Pictures with short captions
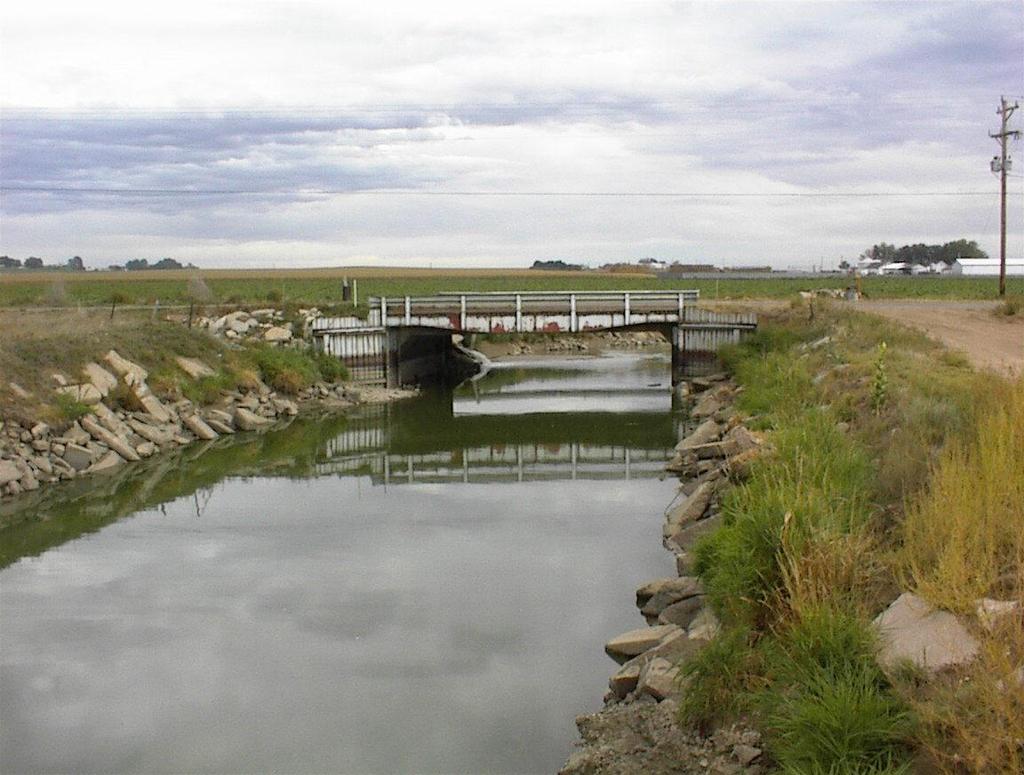 The crossing at Colorado & Southern Railroad consists of a 4'H x 8'W reinforced concrete box culvert. At this location, the railroad overtops at a depth of approximately 7.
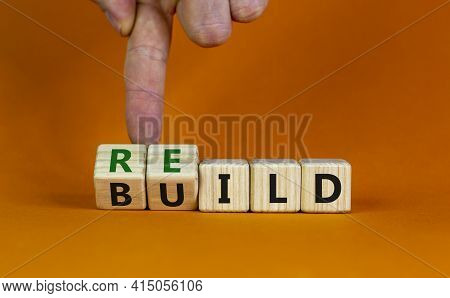 Rebuild Symbol. Concept Word 'rebuild' On Wooden Cubes On A Beautiful Orange Table. Businessman Hand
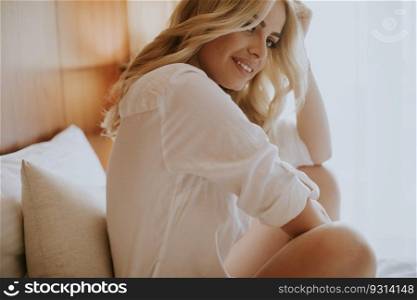 Pretty young woman sitting on the bed at room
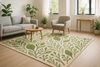 “A modern living room with a nature-inspired hand-tufted rug featuring green and organic patterns. Clean lines, cozy furniture, and fresh plants in the background, highlighting a stylish, eco-modern vibe.”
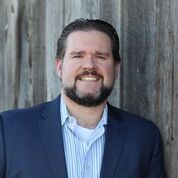 headshot of AtlasIED General Manager Justin Young leaning on wood background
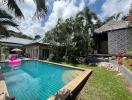 Tropical backyard with swimming pool and surrounding garden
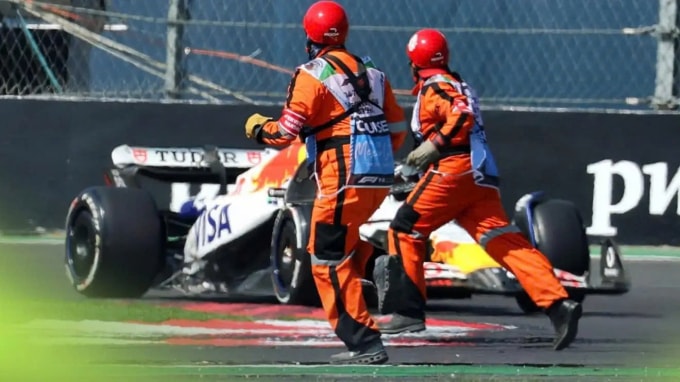 Chiếc xe của Liam Lawson lao tới khi hai nhân viên an ninh băng qua đường đi GP Mexico ngày 26/10/2025. Ảnh: PlanetF1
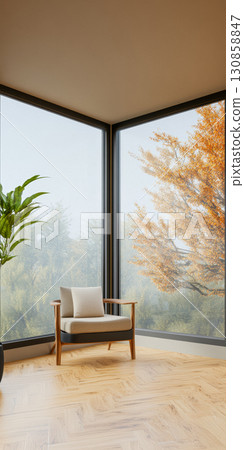 Cozy corner with modern chair and view of autumn trees in a serene indoor setting during daylight 130858847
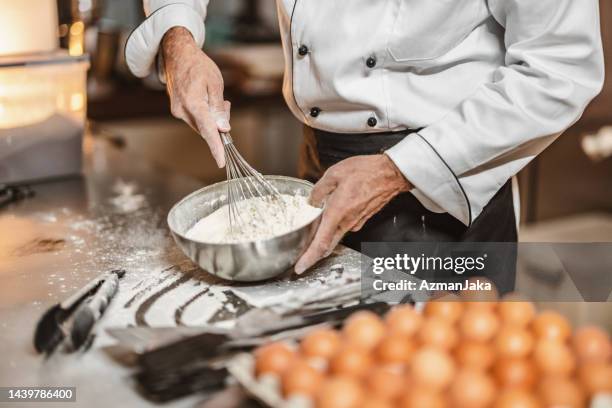 gros plan d’un boulanger caucasien mature mélangeant une pâte - baker smelling bread photos et images de collection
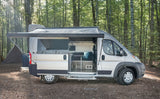 A modern rv rental camper van, with its interior open and awning extended, parked in a sunlit forest for outdoor camping.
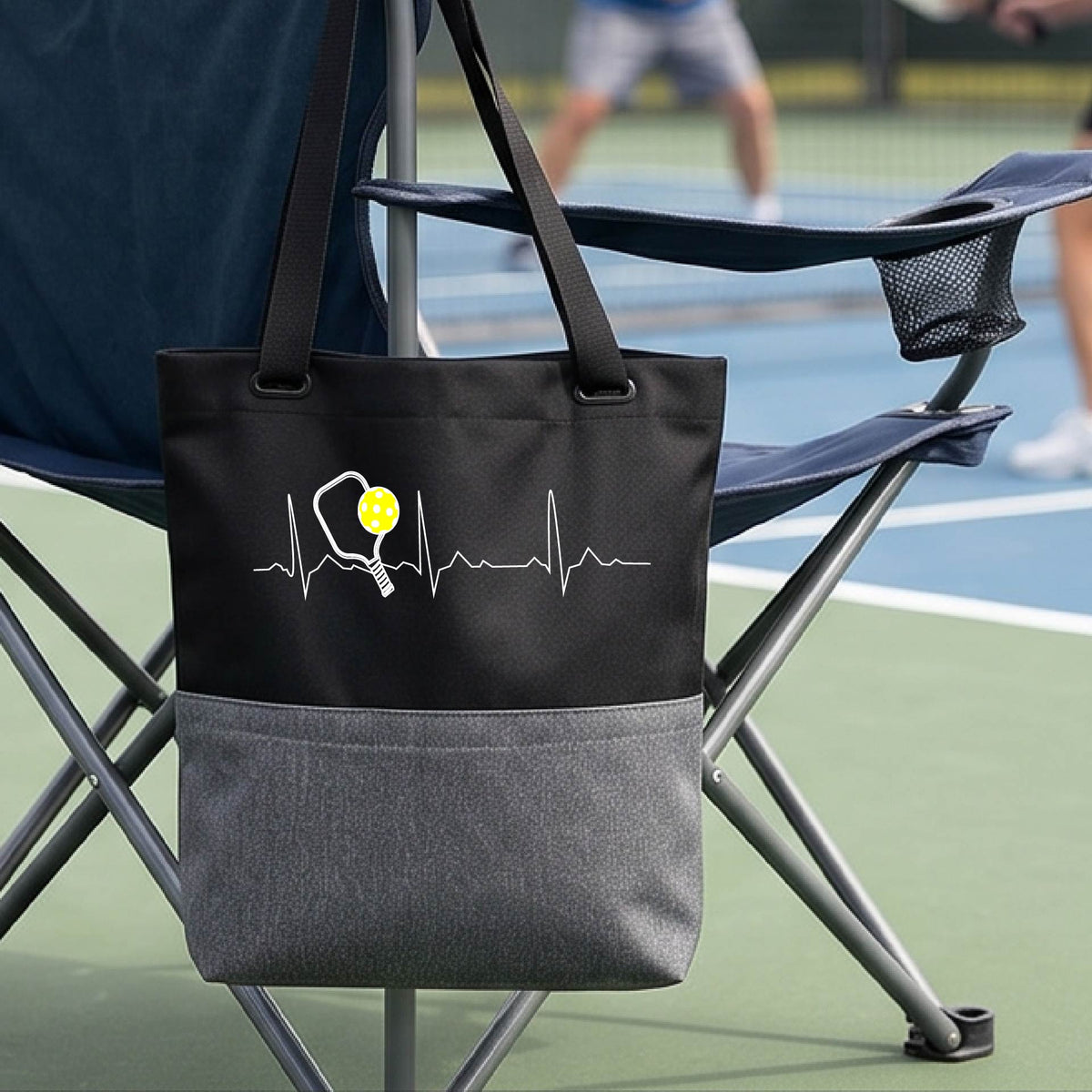 A close-up of a gray and black tote bag sporting a white pickleball graphic of a heartbeat EKG including a pickleball paddle and a yellow pickleball across the check, in front of a pickleball court.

# WHAT YOU WILL DO
All that should be printed is the run of lines above from the one with "Tropical backyard with" through the one with "A modern rv", both included, exactly as given, with pictures left out.

# RESULT OF THE EXERCISE
 Tropical backyard with swimming pool and surrounding garden
 Chiếc xe của Liam Lawson lao tới khi hai nhân viên an ninh băng qua đường đi GP Mexico ngày 26/10/2025. Ảnh: PlanetF1
 Cozy corner with modern chair and view of autumn trees in a serene indoor setting during daylight 130858847
 gros plan d’un boulanger caucasien mature mélangeant une pâte - baker smelling bread photos et images de collection
 A modern rv rental camper van, with its interior open and awning extended, parked in a sunlit forest for outdoor camping.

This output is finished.